*** Supplied data ***

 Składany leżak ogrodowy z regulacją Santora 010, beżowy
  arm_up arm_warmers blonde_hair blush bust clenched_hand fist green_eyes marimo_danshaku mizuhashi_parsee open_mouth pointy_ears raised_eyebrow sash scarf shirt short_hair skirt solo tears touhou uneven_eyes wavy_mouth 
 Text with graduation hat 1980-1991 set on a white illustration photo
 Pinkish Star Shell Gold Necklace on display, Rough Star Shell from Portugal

***
*** Supplied data ***

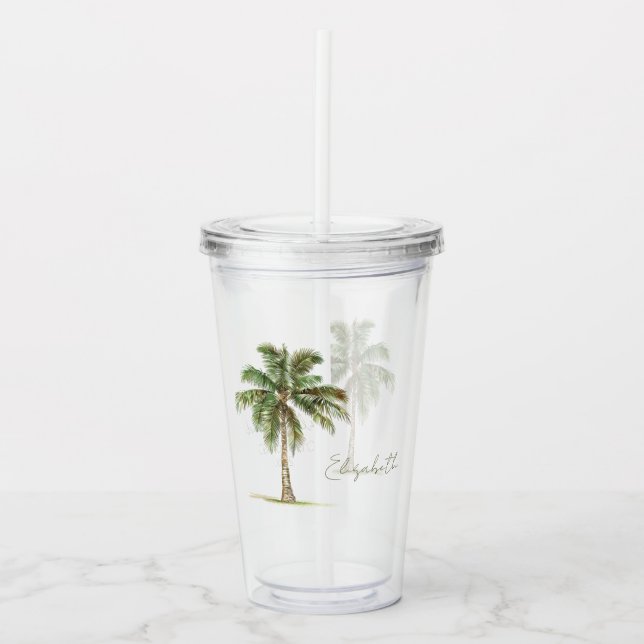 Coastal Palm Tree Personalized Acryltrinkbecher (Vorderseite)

***
*** Supplied data ***

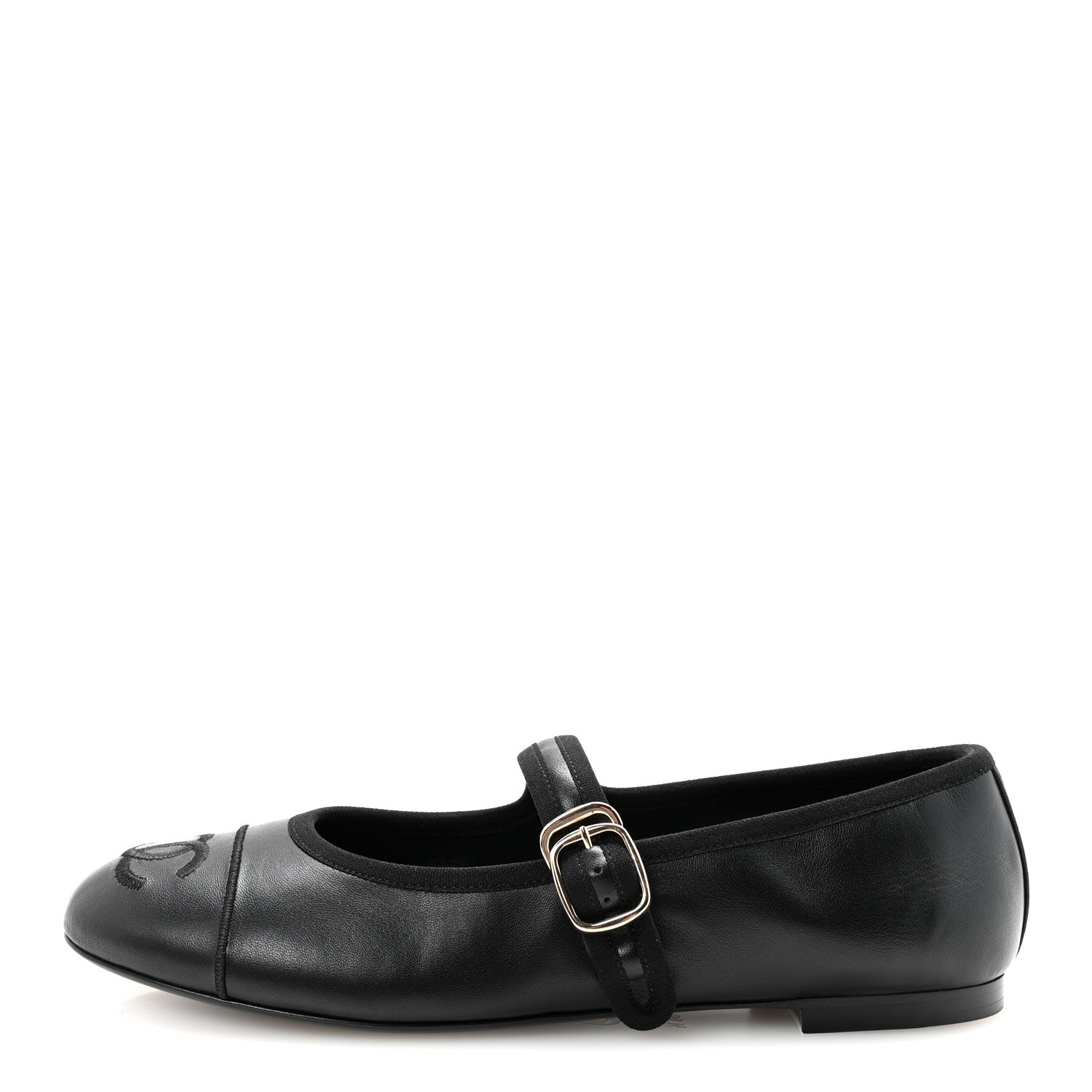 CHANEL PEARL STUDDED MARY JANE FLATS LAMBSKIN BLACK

***

Look above for the line with "arm_up arm_warmers blonde_hair" and the line with "Text with graduation". Write out those two lines and all the lines between them, exactly, and no others.

#### [Exercise answer]
  arm_up arm_warmers blonde_hair blush bust clenched_hand fist green_eyes marimo_danshaku mizuhashi_parsee open_mouth pointy_ears raised_eyebrow sash scarf shirt short_hair skirt solo tears touhou uneven_eyes wavy_mouth 
 Text with graduation hat 1980-1991 set on a white illustration photo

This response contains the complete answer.